Technology and Commercial Grades
The production of expanded perlite is a two-stage process. The ore is firstly mined, pre-crushed, ground and graded in the processing plant, which is usually located nearby to the mine site or to the loading/shipping point. The output of such plants is a series of co-produced perlite grades (having grain sizes between 3,5 mm and 0,075 mm. Sized perlite grades are then transported either bulk or in big-bags to the expansion plants hundreds or even thousands of kilometers away to expansion plants. There, sized unexpanded perlite grains are fed in vertical furnaces where they are expanded to form lightweight perlite cellular bubbles. This special granular lightweight product is afterwards mechanically (e.g. through dry or wet mixing) or otherwise incorporated into the various end-products.

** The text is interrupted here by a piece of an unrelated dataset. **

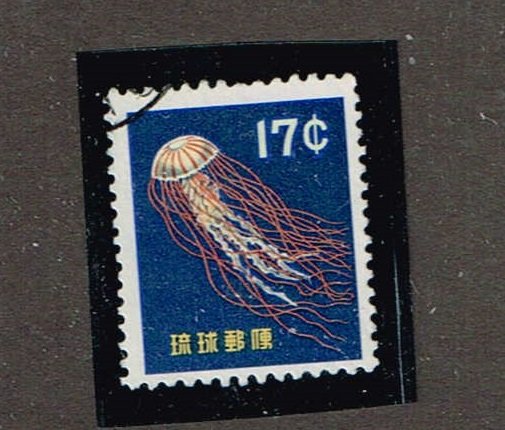 Ryukyu Islands  1959  62  Used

Typical Applications of Perlite

1. Construction applications (Thermal-acoustical insulation ceiling tiles, Lightweight concrete, plasters and mortars, Loose fill insulation in cavity walls, etc.)

2. Horticulture applications (Hydroponic cultivation, Growing Media mixed with sand and peat (sphagnum moss)

3. Food and chemical industry (Filter-Aids, Phosphoric Acid production for Fertilizers)

4. “Super-insulating” material (Cryogenics and Low Temperature insulation, Alkali Silicate bonded preformed products, Calcium silicate preformed products,

5.  There are various other less important applications, like “topping” in Steel and Foundry industries, high performance micro-fillers for coatings, pozzolan and superpozzolan, abrasive in soaps, cleaners, and polishes, in textile processing industry as fabric ageing material, etc. These latter applications account for <5% of the total perlite market by volume and value.